I must have been sleeping when we wound the wire around the nail back in "the day". For some reason I had it in my mind that the nail attracted on one end... repelled on the other.
And how come you know Cattleman road? Creepy :rolleye:
Russ

DrEntropy
11-21-2012, 10:54 PM
And how come you know Cattleman road? Creepy

I am the Doctor.... :devilgrin:

https://www.myspace.com/rodentberryrecords/music

Hit "Play" for "I am the Doctor"....

There is one on th' Trail headed north to Oneco, too.

weewillie
11-21-2012, 11:41 PM
whats with this relay thing, just used to wire them one wire to ground and one wire to power with an inline fuse (all through a switch of course) and if you use a lighted switch you know when they are on. :yesnod:

Lukens
11-22-2012, 09:01 AM
Being kind to the switch.

TR3driver
11-22-2012, 05:51 PM
The coil WILL reverse, meaning the magnetic pole at the end of the core will change depending on the polarity of the applied voltage. But the armature is not magnetized, so it will be attracted to either pole. To get magnetic repulsion you need two magnets, not one magnet and a piece of steel. In your 'nail' experiment, no doubt the other piece was magnetized (either deliberately or accidentally).
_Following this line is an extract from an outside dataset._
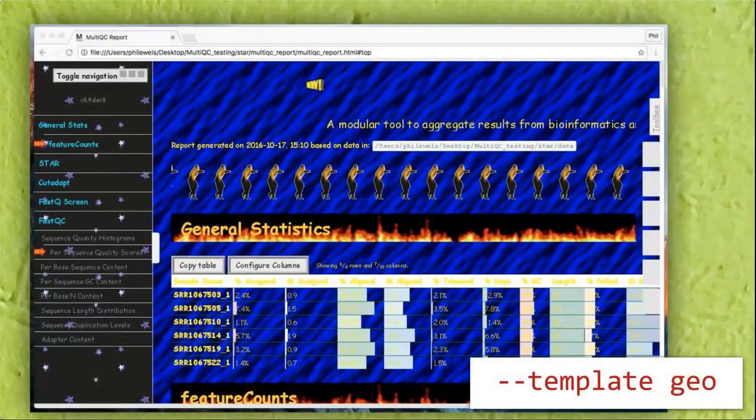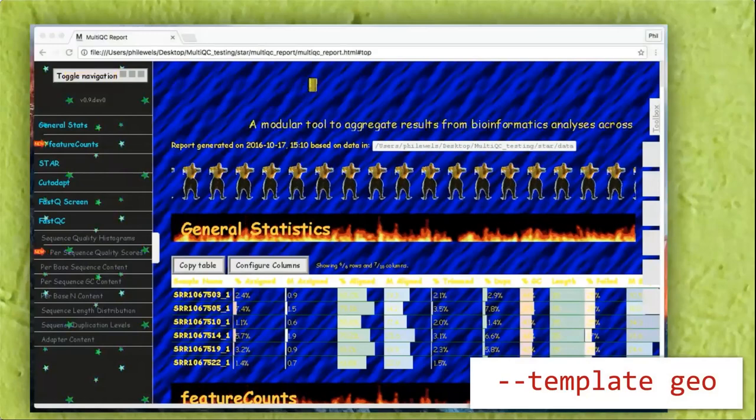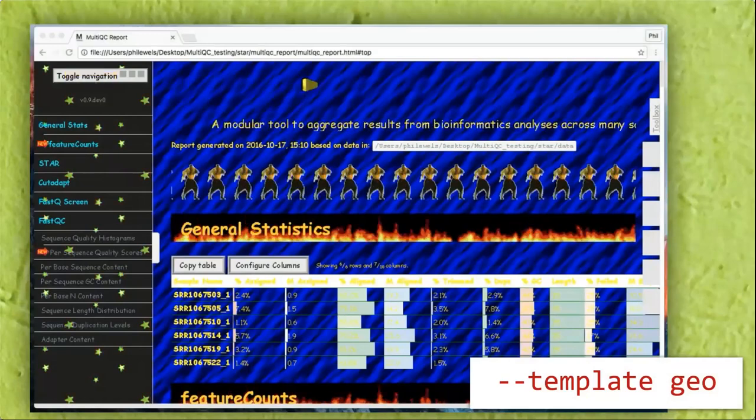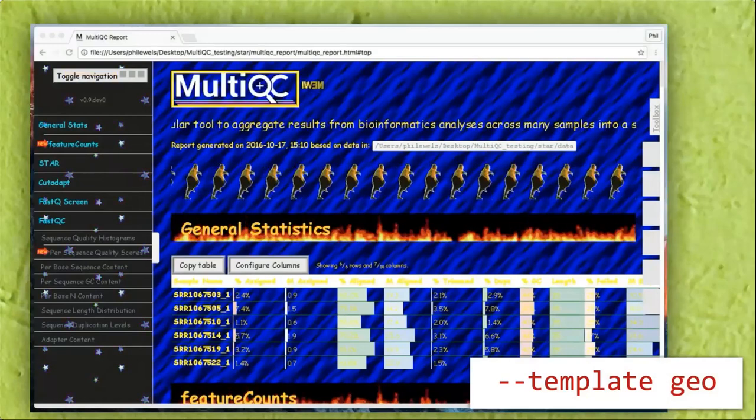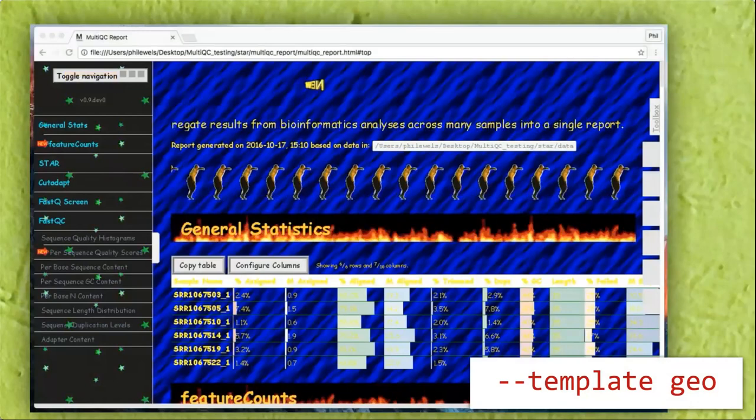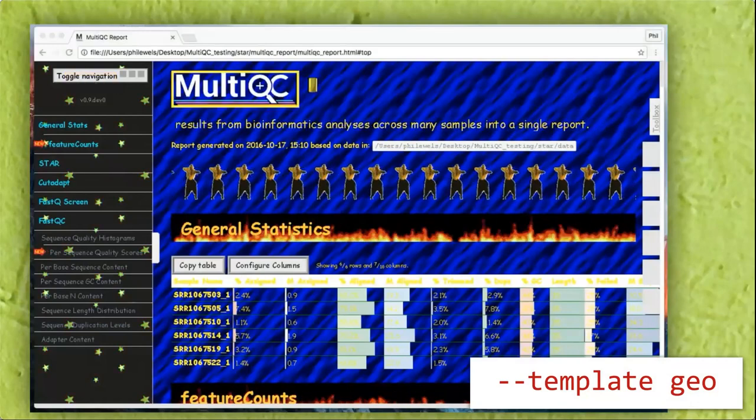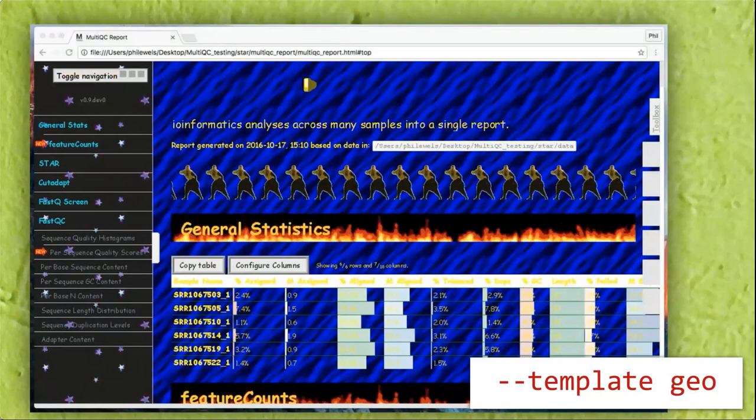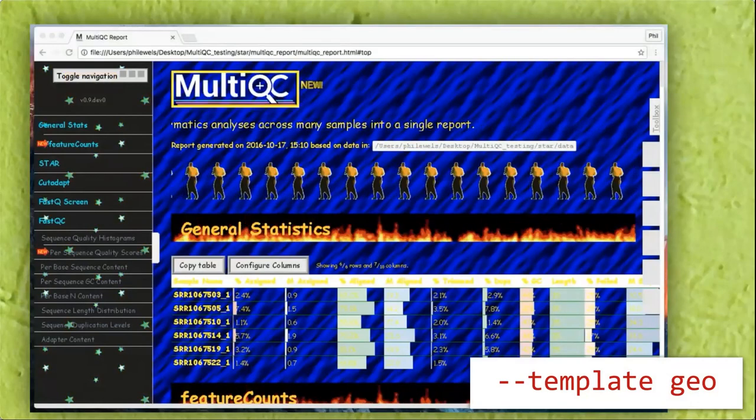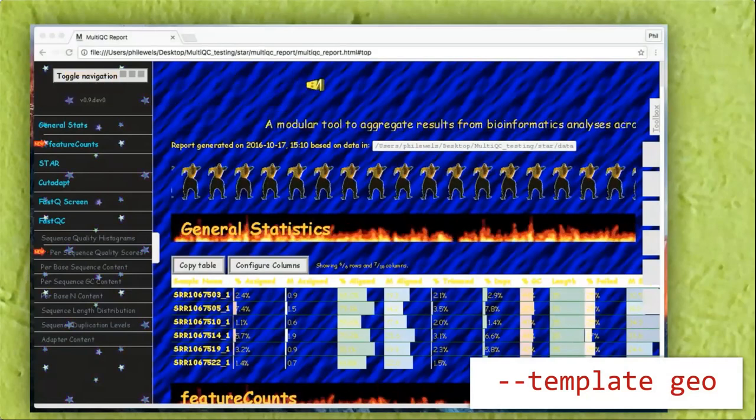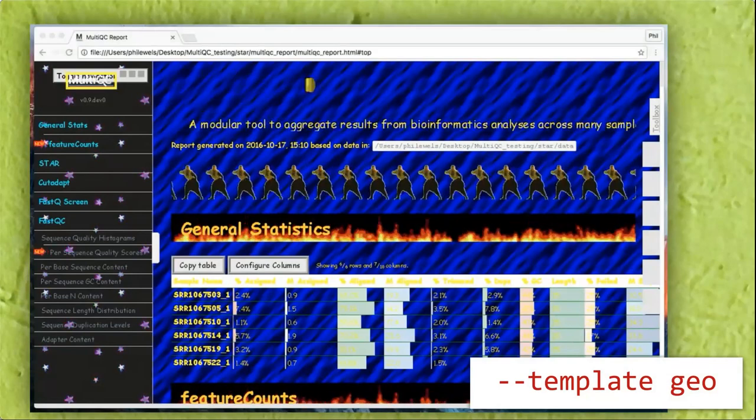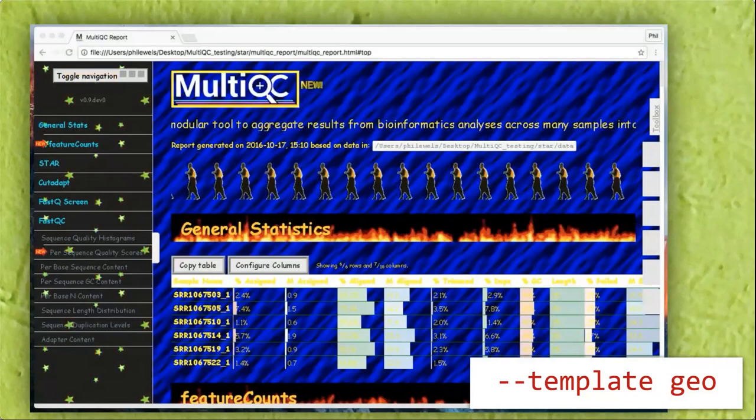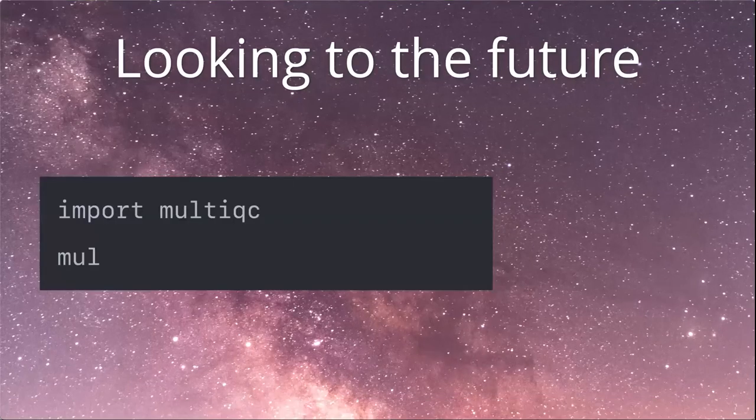And then, of course, if you really want to, this is an example of going to town with customizing your report output, just to give you a flavor for what's possible if you really go for it. This is a little Easter egg in MultiQC, so see if you can figure that out with --template.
I actually have my brake/turn relays wired so they get opposite coil polarity, depending on whether the brakes are on or off. They work just fine either way.
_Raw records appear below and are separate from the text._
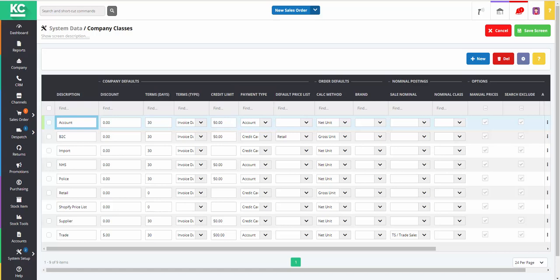You can also set up a default price list, which will be added to all new customers belonging to a particular company class if the price list required option, to the right, is ticked. The calculation method is the method of calculation to be used when selling to customers belonging to a particular company class.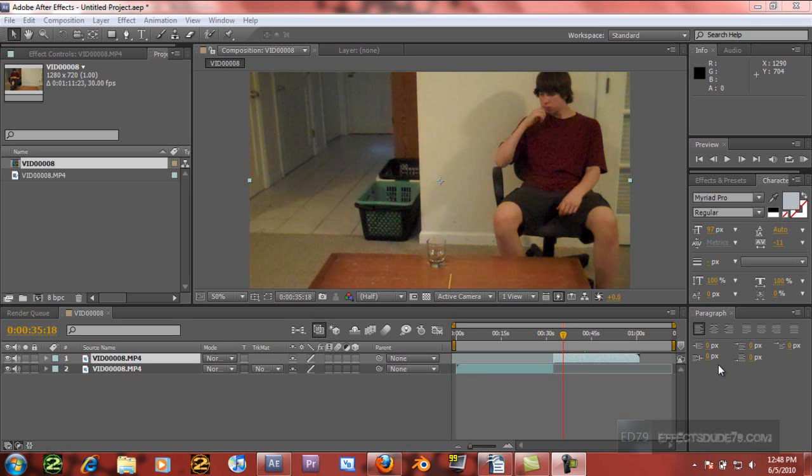Hey guys, what's up? This is Adam for FXD79.com. Got a cool new After Effects tutorial for you. This one's on cloning, but enough jibber-jabber today. Let's just see the final effect.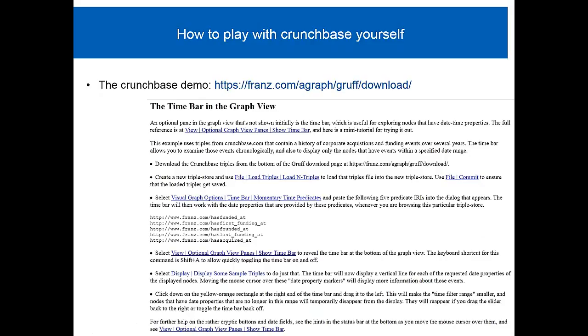First question is, will this work with other triple stores? Yes. You can go to Sparkle Endpoints. As long as they have, the only thing that we need is that you tell Gruff what the predicate is that has a particular time on it. And the second condition is that that predicate needs to be as the syntax of the ISO standard for databases.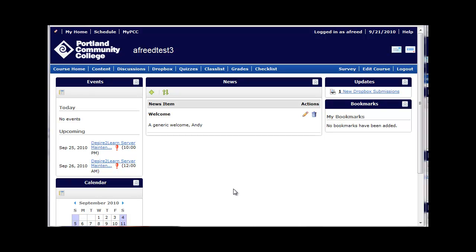Hi, this video demonstrates how to set up a time extension for specific students in Desire2Learn. The request often comes from the Disability Services office and may vary in the amount of time requested.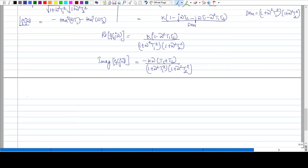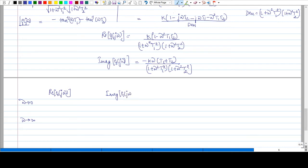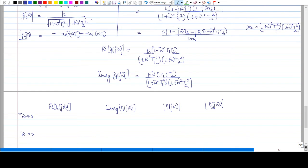Now we will tabulate the values. We consider ω = 0 and ω = ∞. We will not go for the cutoff frequency because we have two cutoff frequencies. For each case we find the real part of G(jω), imaginary part of G(jω), magnitude of G(jω), and angle of G(jω). The magnitude comes from the magnitude equation and the angle from the phase equation.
The only exception would be that some automotive relays have integral suppression diodes. In that case, the diode requires that the applied voltage be the 'right' polarity, otherwise you'll blow up the diode. But general purpose relays rarely have the integral diode, and the few relays that I have seen that do have it, have the diode symbol clearly marked on the case.
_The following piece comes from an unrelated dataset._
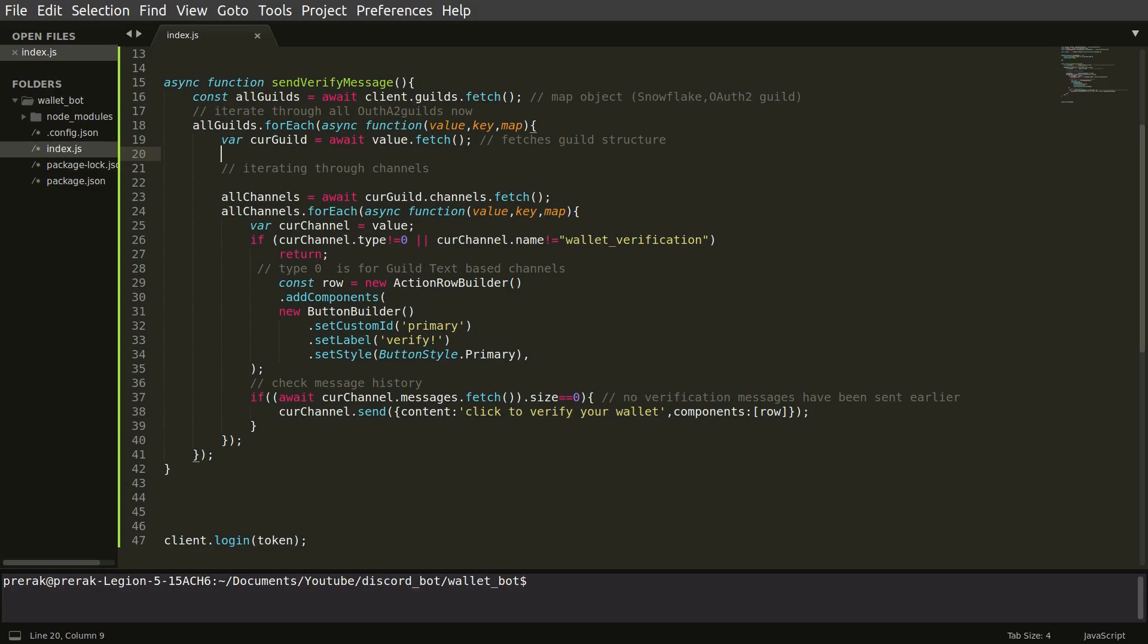Now what it does is in this particular line starting from 29 it is building the button which will be sent for verification. So this is a button message which will be sent in that particular channel.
Some relay sockets also have a diode incorporated. Unless you are using an electronic device to power the relay, just snip out the diode. These sockets had diodes (which I snipped out)
https://i258.photobucket.com/albums/hh260/TR3driver/TS13571L/Relaysonheadlightbucket.jpg

TR3driver
11-22-2012, 05:58 PM
One other thing, some states have a legal requirement that driving lights be enabled only in conjunction with the high beams. I've never heard of anyone getting a ticket for running driving lights without high beam headlights, but it is at least technically illegal. Might as well wire them that way. You can either tap into the high beam circuit to power the switch, or if it is more convenient, power the relay coil from the high beam circuit and switch the ground side. The latter method is slightly safer, IMO, especially if you use small gauge wire to the switch. That way, if there should be a short in the wires to the switch, it will just enable the driving lights whenever the high beams are on, rather than letting the smoke out.

DrEntropy
11-22-2012, 11:29 PM
You'd have to hunt the relays with internal diodes on purpose, methinks. Most "generics" are without.

Randall, that one on the left looks to have taken some heat! :o

ISTR the PA law was that "auxiliary lighting" needed to follow that scheme when I set up the Lucas lights on the MGB (sometime around 1970). But I wired mine to be able to use them with only the running lights ~or~ with headlamps. Had H-4's in Cibie envelopes in the headlamps, I could run with just the fog lamp, both it and the pencil beam, or headlamps and either combo. Set up the Elan the same way, with Cibie Oscars down in the grill. The +2 came with a set of the Lucas Square-8's, both come on at the same time (switched) only with high beams.

TR3driver
11-23-2012, 12:40 AM
Randall, that one on the left looks to have taken some heat! :o


Yeah, I got a little carried away with the heat gun :)

Also decided that the sockets were more trouble than they were worth, and used individual quick connects on the other bucket.